Your instructions -
Taking only the lines of the data below from the line with "4600 N 68th" to the line with "Cloud Empresas", ends included, write them out exactly and without pictures.
━━━━━ Supplied information ━━━━━
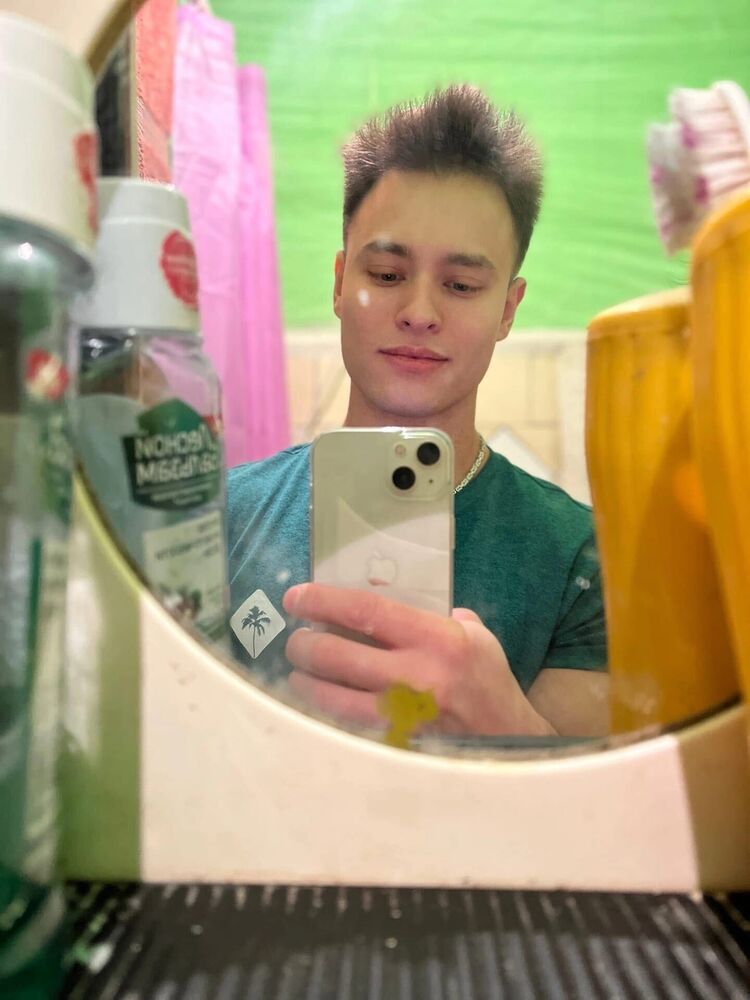 ���� 27109709 ������� ������, 28 ���, ���� ���������� � ������-���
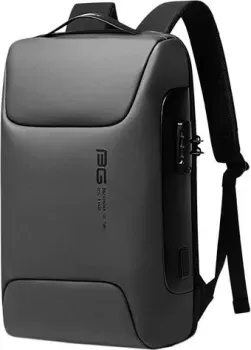 Bange BG7216 (серый)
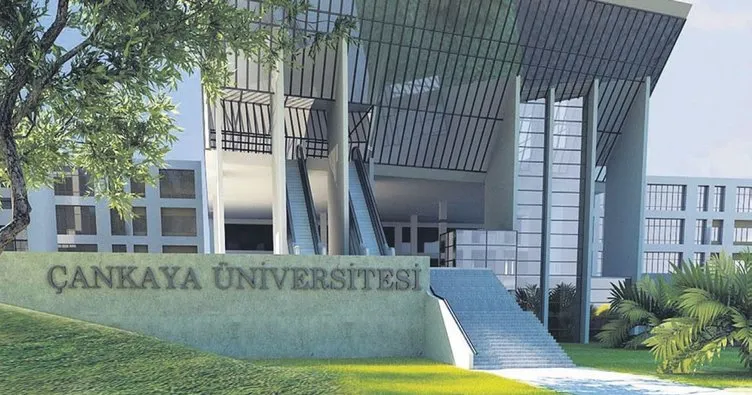 En Iyi 500 De Iki Turk Universitesi Sayfa 3 Egitim Haberleri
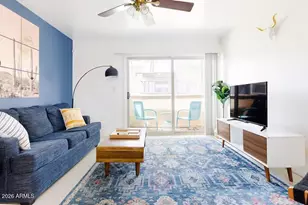 4600 N 68th St, Scottsdale, AZ 85251 - Photo 1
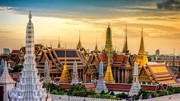 Điểm tin thị trường Thái Lan từ ngày 8-12/5/2023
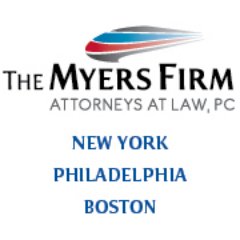 We are an FELA designated law firm. Been hurt at work or at the fault of others? Call us: New York, Philly, Boston & everywhere in between: 888-290-6888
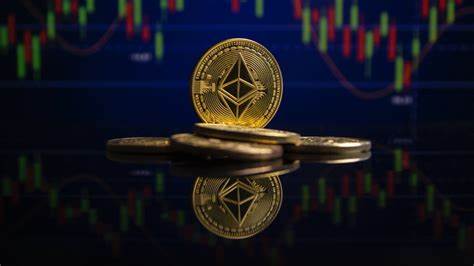 Ethereum Poised to soar in 2024 with ETH ETF listing, as South Korea’ explores Bitcoin ETFs - Tekedia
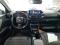 preview Citroen C4 #4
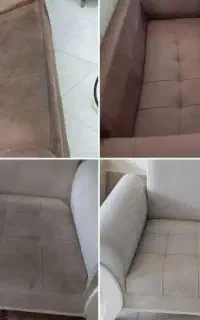 مبلشویی ومبل شویی وقالیشویی خورشید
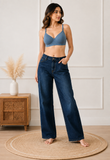 Bliss FIT (Light Padded Bra)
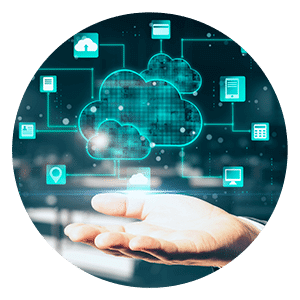 Cloud Empresas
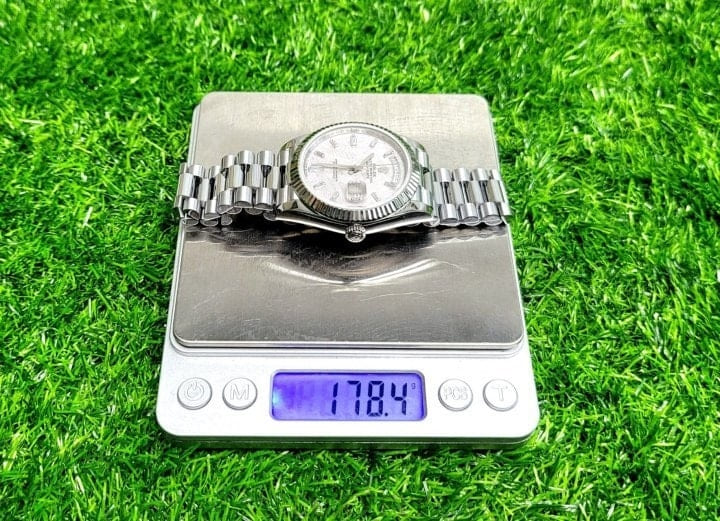 0252e137fa7f32b7dda10dcff936c91c_1774836260_6161.jpg 0252e137fa7f32b7dda10dcff936c91c_1774836260_6161.jpg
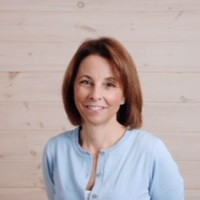 Zeektek Employee Lianne Raso's profile photo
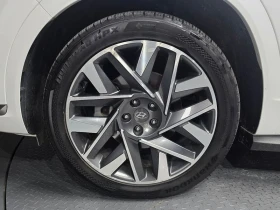 Hyundai Santa fe CALLIGRAPHY/2.2 AWD FULL | Mobile.bg � ����� ������ 5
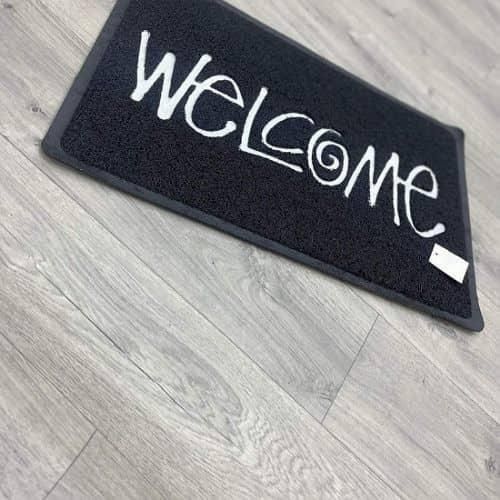 product_image_name-Generic-Welcome Doormat for Indoor and Outdoor Use - Multicolor-5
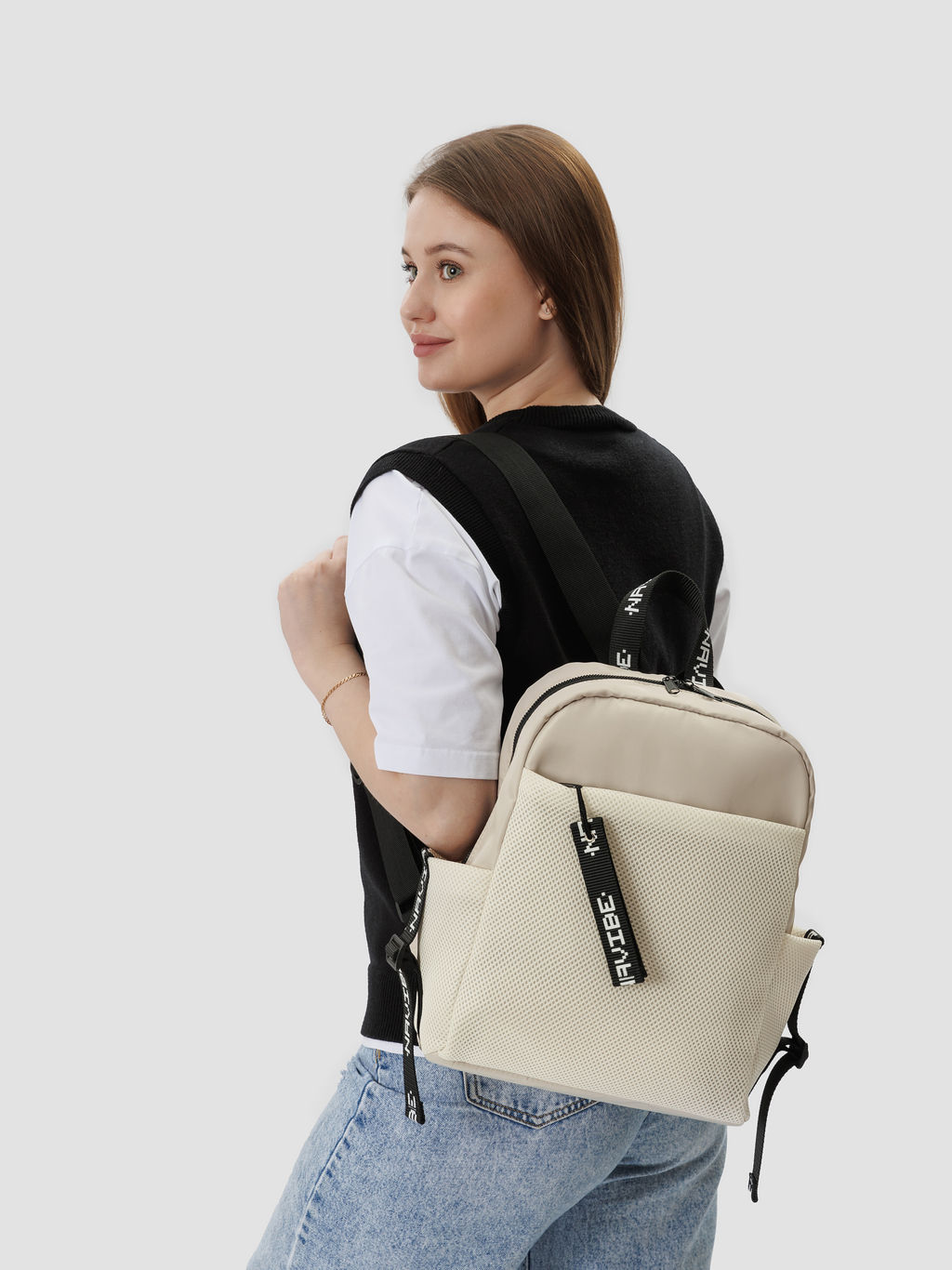 V99 43 15/42 15 Рюкзак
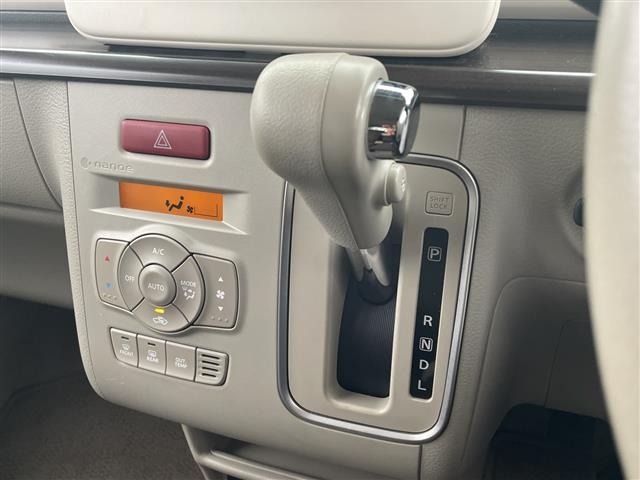 Suzuki LAPIN 2019 6988799-20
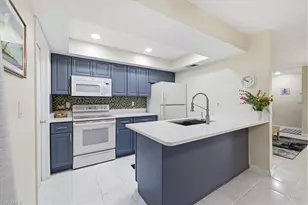 147 SW 47th Terrace, Cape Coral, FL 33914 - Photo 9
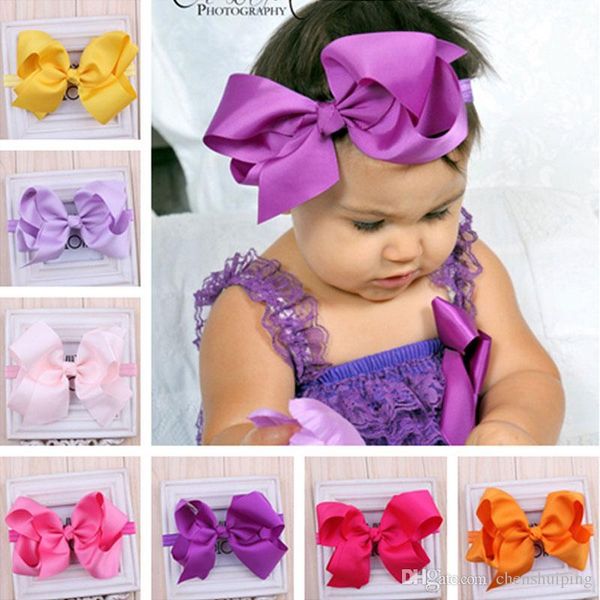 nice girls baby 15cm ribbon bows with clips/children grosgrain bowknot headbands hair clips girls hair accessories/kids barrettes, Slivery;white
nice girls baby 15cm ribbon bows with clips/children grosgrain bowknot headbands hair clips girls hair accessories/kids barrettes, Slivery;white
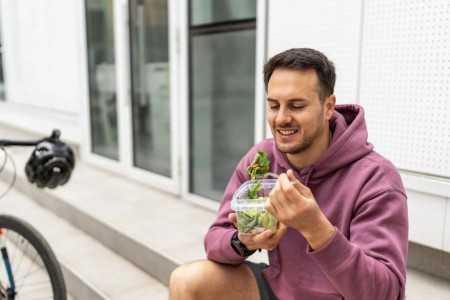 How To Reduce Your Risk of Cancer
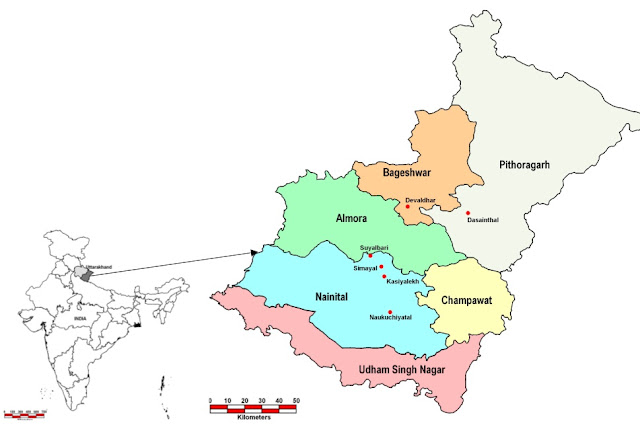 map.jpg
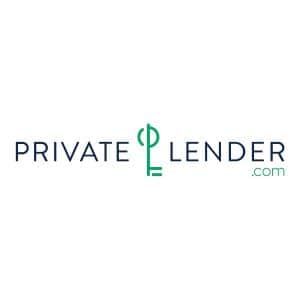 Private Lender LLC Logo
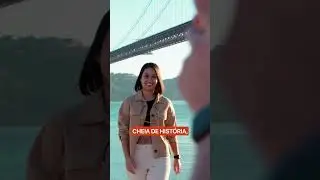 OS MELHORES LUGARES PARA SER NÔMADE DIGITAL #shorts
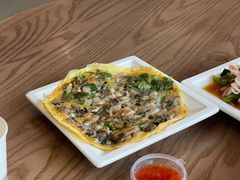 -海坛特色小吃·只做平潭特色菜(平潭店)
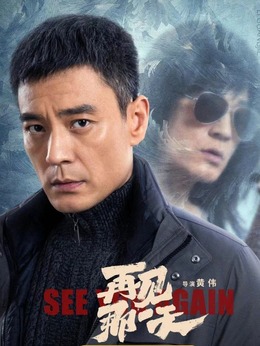 再见那一天剧情介绍_天天影视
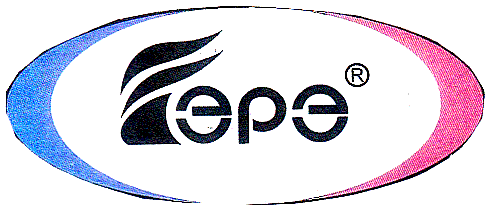 Tepe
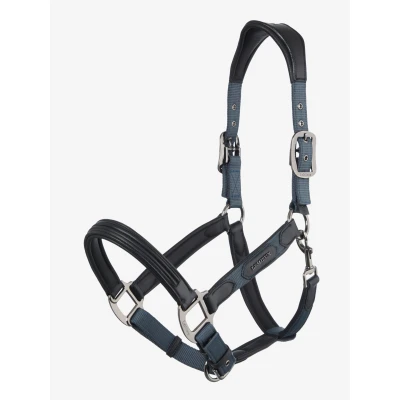 Image of LeMieux FW&#039;24 Halter Capella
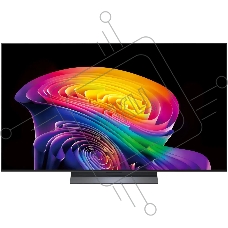 Телевизор LG 55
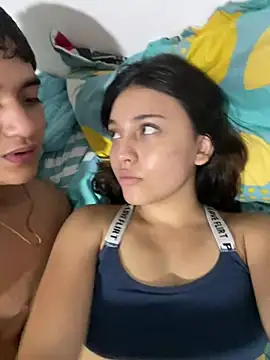 Penelope6_6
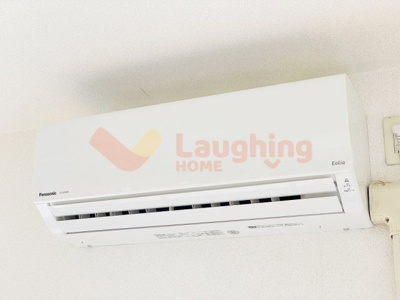 【設備】 | カーサヴェルデ宮ノ陣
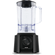 liquidificador-arno-ln50-preto-220w-power-max-700w-com-jarra-de-31-litros_1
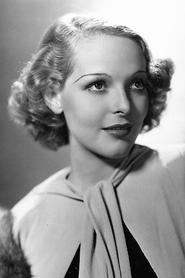 Photo of Sally Blane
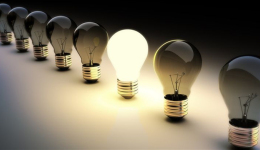 Joom免試促銷活動(dòng)介紹：促銷規(guī)則&參加流程&停止參加等詳解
━━━━━
Result -
 4600 N 68th St, Scottsdale, AZ 85251 - Photo 1
 Điểm tin thị trường Thái Lan từ ngày 8-12/5/2023
 We are an FELA designated law firm. Been hurt at work or at the fault of others? Call us: New York, Philly, Boston & everywhere in between: 888-290-6888
 Ethereum Poised to soar in 2024 with ETH ETF listing, as South Korea’ explores Bitcoin ETFs - Tekedia
 preview Citroen C4 #4
 مبلشویی ومبل شویی وقالیشویی خورشید
 Bliss FIT (Light Padded Bra)
 Cloud Empresas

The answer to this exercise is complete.